The second answer addresses this more directly. It comes when we quantize the theory. This is discussed in great detail in many qft textbooks, but the gist is relatively simple. At this point I will say $\hbar=1$, if you really want to keep track of the $\hbar$ dependence you can get it back by dimensional analysis.
If you take the equations of motion for the above system without the source (note we are no longer working with static systems):
$$-\partial_t^2\phi + \nabla^2 \phi + m^2 \phi = 0.$$
and go to fourier space
$$\tilde{\phi}(\vec{k},t)\equiv\int\frac{d^3 k}{(2\pi)^3}e^{i\vec{k}\cdot\vec{x}}\phi({\vec{x},t})$$
then you will find the equations of motion are
$$-\partial_t^2 \tilde{\phi} +\vec{k}^2\tilde{\phi} + m^2\tilde{\phi}=0$$
This is just a set of harmonic oscillators, labeled by $\vec{k}$ with frequency
$$\omega^2=\vec{k}^2+m^2$$
We can think of $\tilde{\phi}(\vec{k},t)$ for a single value of $k$ as being a single quantum variable obeying a harmonic oscillator equation, so there when we quantize these variables we will have one wave function for each value of $\vec{k}$, each of which obeys a schrodinger equation for a harmonic oscillator with the above frequency. Each harmonic oscillator will be quantized and have discrete energy levels. These energy levels are what we call 'particles'. The idea is that for a given momentum, the field $\phi$ can only have certain values of energy, and the interpretation is that these quantized wiggles in $\phi$, or in other words discrete packets of energy, are particles.

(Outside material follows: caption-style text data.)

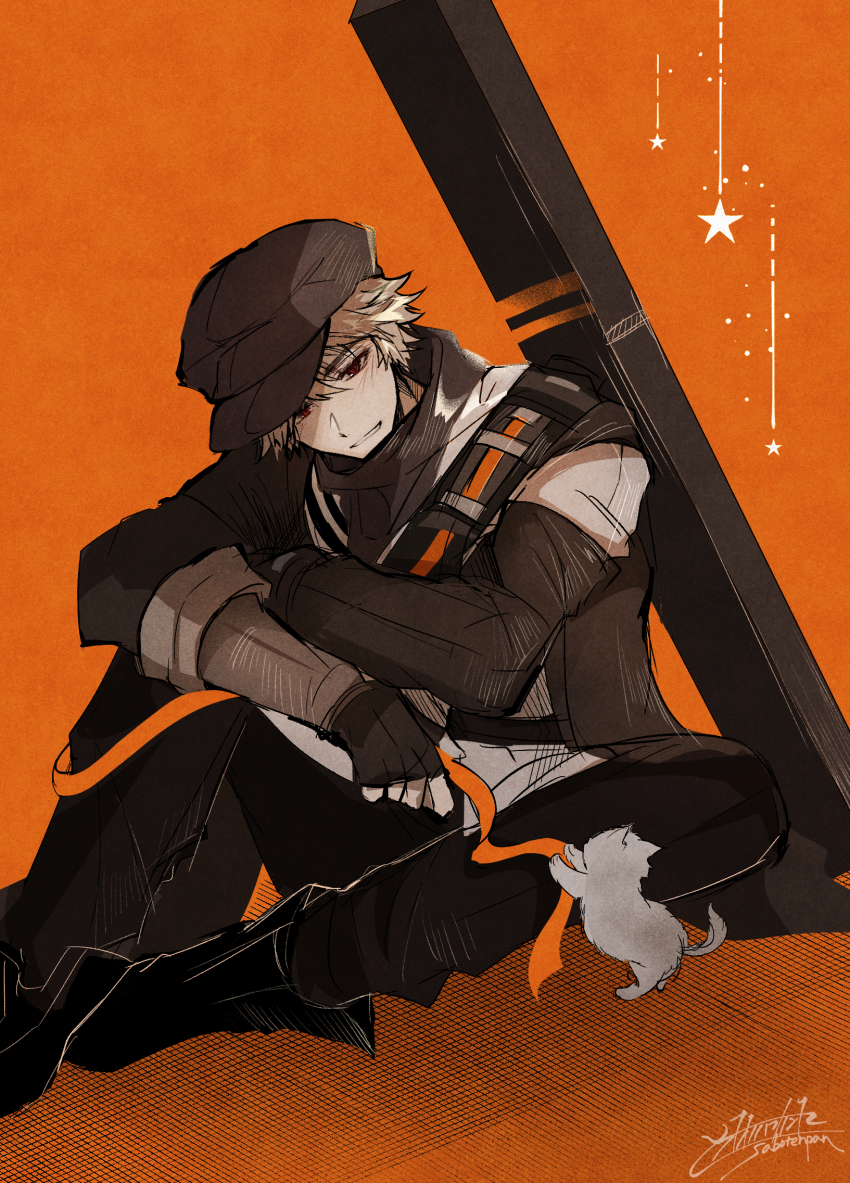1boy animal arknights baby_animal black_boots black_gloves black_hat black_jacket black_pants boots brown_hair cat fingerless_gloves gloves hair_between_eyes hat highres jacket kitten knee_up long_sleeves male_focus newsboy_cap oonohara_kenya orange_background pants red_(npc)_(arknights) red_eyes signature sitting smile solo star_(symbol)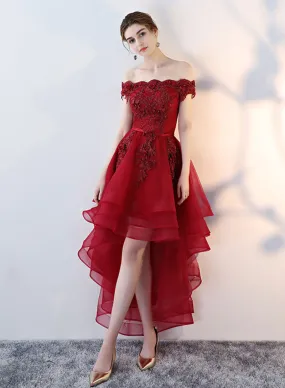 Cute Lace High Low Prom Dress, Beautiful Off the Shoulder Evening Party Dress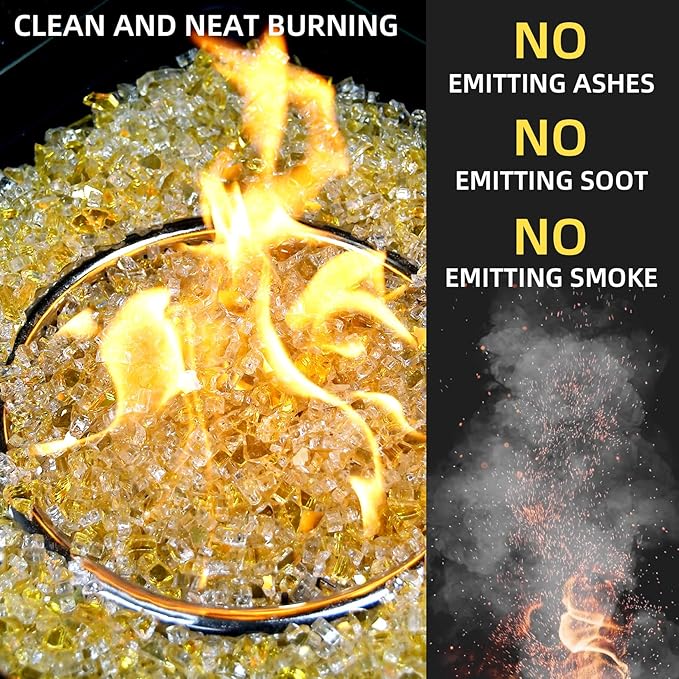 GasSaf 1/4 Inch Fire Glass Reflective Tempered Fireglass Cut Crushed FireGlass for Fire Pit, Fireplace, Replaces Existing Gas Logs & Lava Rocks (10 Pound)(Gold Reflective)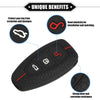 Ford 3 Button Car Key Silicone Black & Red Key Fob Cover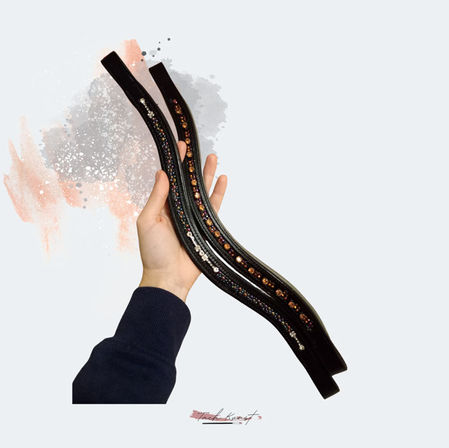 Two browbands in copper and black glitter – handmade leather pieces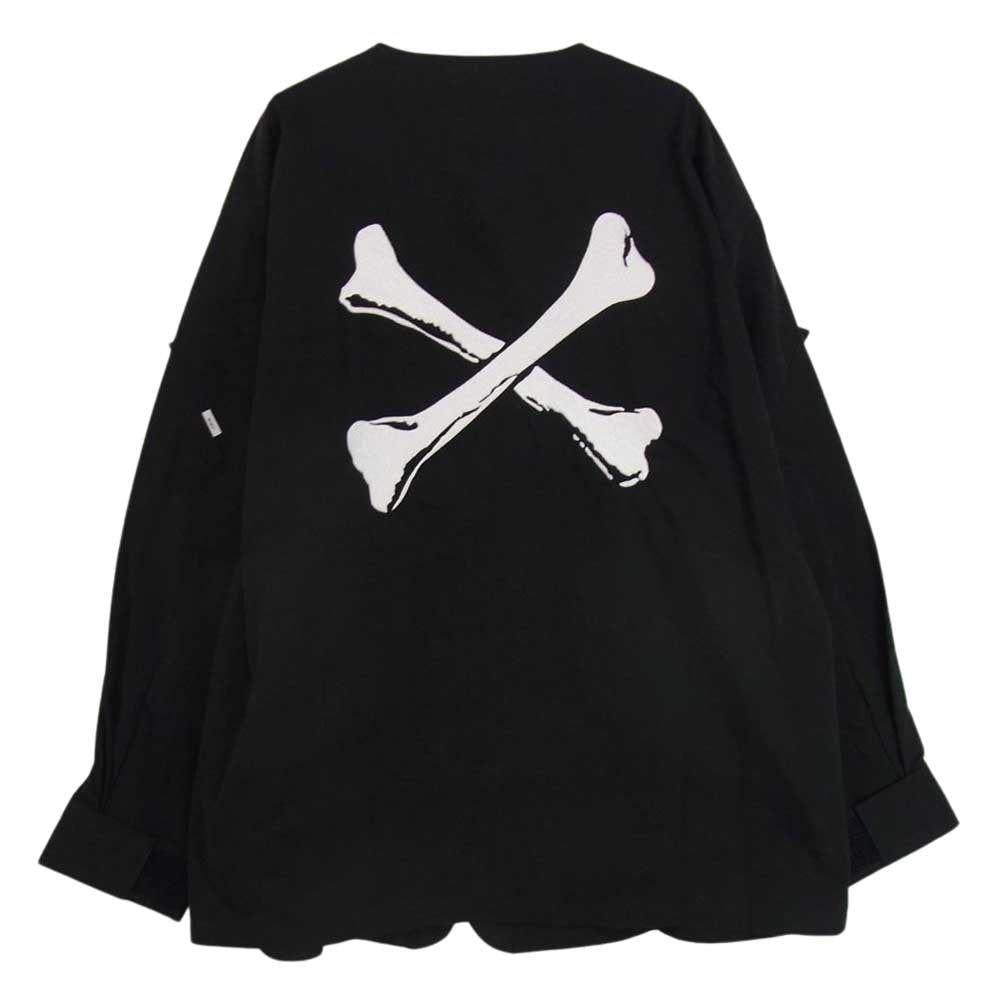 WTAPS ダブルタップス 22SS 221WVDT-SHM04 SCOUT LS NYCO TUSSAH クロスボーン刺繍 スカウト ノーカラー 長袖 ベースボール シャツ ブラック系 3【中古】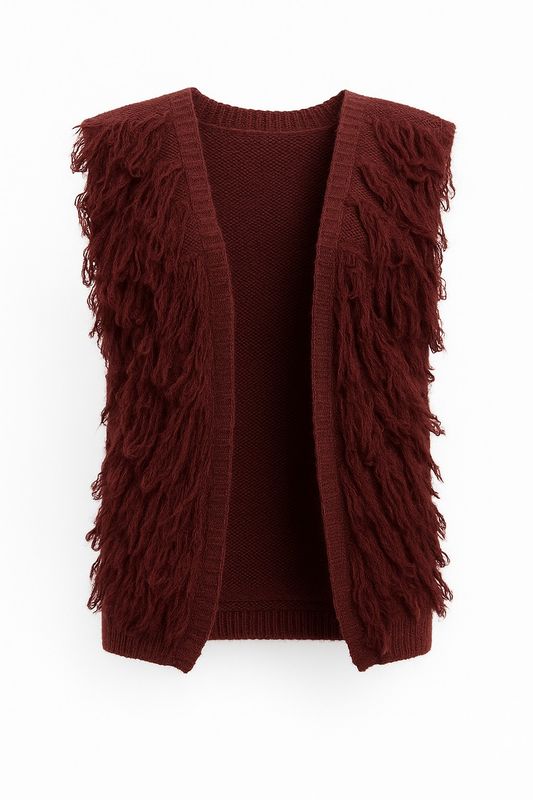 Harig vest burgundy -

Now we remember we are doing quantum mechanics, and we are supposed to identify frequency with energy and momentum with wavelength, using
$$E=\omega,\quad \vec{p}=\vec{k}.$$
So we are describing a system with a relationship between energy and momentum given by
$$E^2=\vec{p}^2+m^2.$$
This is einstein's famous formula, and now we see that the parameter $m$ appears in exactly the place the mass of a particle would appear. It is the energy that a particle has when it has $0$ momentum. So we identify the particle like excitations we discovered above with particles of mass $m$.
However I emphasize that there are many, many, many other treatments of this and other ways of looking at it.
A good question would be, what does a particle mean if you don't have a free theory and don't get a harmonic oscillator equation above?